True Christian love is not reciprocal. It’s not you giving me my desires and I will give you yours. It has no expectation of equality. Real love prompts you to give without expecting anything in return. It’s just like the love that’s found in the Gospel story. That Jesus, out of love for you, gave His life for you knowing you had nothing of equal value to give back to Him. I want to give my life back to Him, but whether I do or don’t He still loves me.
This is what real love is. Giving without getting. Loving without getting love back. Desire is to love and to want the best for the person you love.
You make a mistake by building your relationship on selfish desires. Because your relationship will end with those desires. Those desires will push you away from your spouse and toward another object of desire.
3. The Thief of Neglect
One of my favorite love stories is found in the Song of Solomon. I like the language they used about each other and the way they talked about their relationship. If you like romance, you really need to read that book of the Bible slowly and imagine what is going on! I think Christians should try to have a love like they had for each other! There was something they discovered about their relationship over time, this is how they worded it:
Take us the foxes, the little foxes, that spoil the vines: for our vines have tender grapes.
Song of Solomon 2:15
In a vineyard, you have to pick up the vines that are growing low, because the little foxes could get to them. They realized that there were vulnerabilities in their relationship that if they did not constantly address it could hurt them. So you have to identify those weaknesses in your relationship and work together to keep them from becoming a problem.
Give Your Love the Maintenance it Needs
Love is like a Pontiac Firebird. In the early 1980s, my older sister saved up and bought a gold Pontiac Firebird with t-tops. It was an awesome sports car with a large decal of a bird on the hood, and the t-tops were just over the top cool. I think that was the coolest car I have ever ridden in. But that was the early 1980’s and this is 2020. Those cars are just heaps of metal and rust now. Unless you maintained one for all these years. Unless you kept the oil changed and did all the maintenance and fixed all the little things before they became big things. Now you have a classic car that is worth A LOT of money.

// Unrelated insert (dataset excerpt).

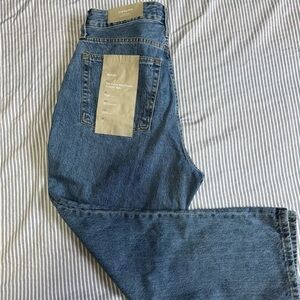Women’s NWT Everlane Curvy 90’s Cheeky Straight Jeans 31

Marriage is the same way, your relationship can end up in a pile of rusted metal, or you end up a “classic” relationship that is worth more than anyone can afford. You just have to do the little things to keep it up. That’s what makes your love last, doing the little things to maintain it periodically. But you have to be diligent and intentional in maintaining it. I think there are a lot of good Christian people who should have a “classic” marriage and instead are riding around in a rust bucket. And it doesn’t take long for your marriage to get that way.

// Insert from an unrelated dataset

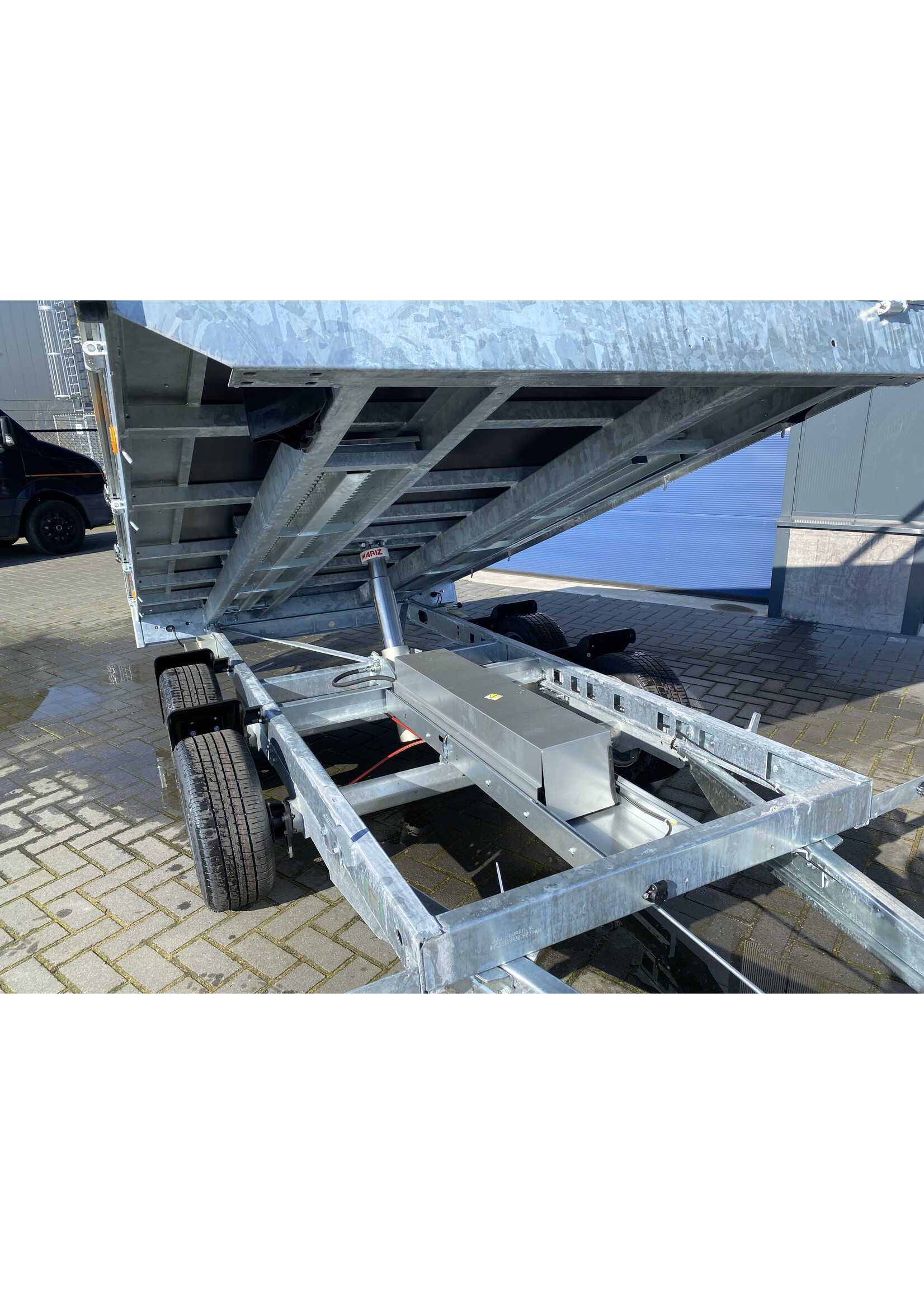 eduard Eduard kipper | 310 x 180 x 60 cm | 3.000 kg | Geremd ALL - IN AKTIE!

Support Your Love for Each Other
Learn how to support your love by using the resources that God has given you.
- Go to Church together.
- Read your Bibles together.
- Pray for each.
- Read Christian books about love and marriage.
- Listen to a Christian podcast about making your love stronger.
- Get advice from more experienced couples.
Look at maintaining your love as a team effort. But even if you can’t work together, you can do your part to make your marriage special. And your part may be the one that changes your relationship!
Take Precautions to Keep Thieves from Stealing Your Love
Sometimes the best way to keep thieves away is to make it overtly obvious that you are determined to stop them. At your house, you can put up those security system signs, put some outside lights in, maybe even install some cameras. Do the same thing to your marriage. Be overtly obvious that you love each other and are not going to let Satan or neglect ruin your love. Put a sign in front of your relationship that you intend on a fight for what you have. Put extra locks on the door to make sure thieves can’t get in. Maybe even put some “no trespassing” signs up!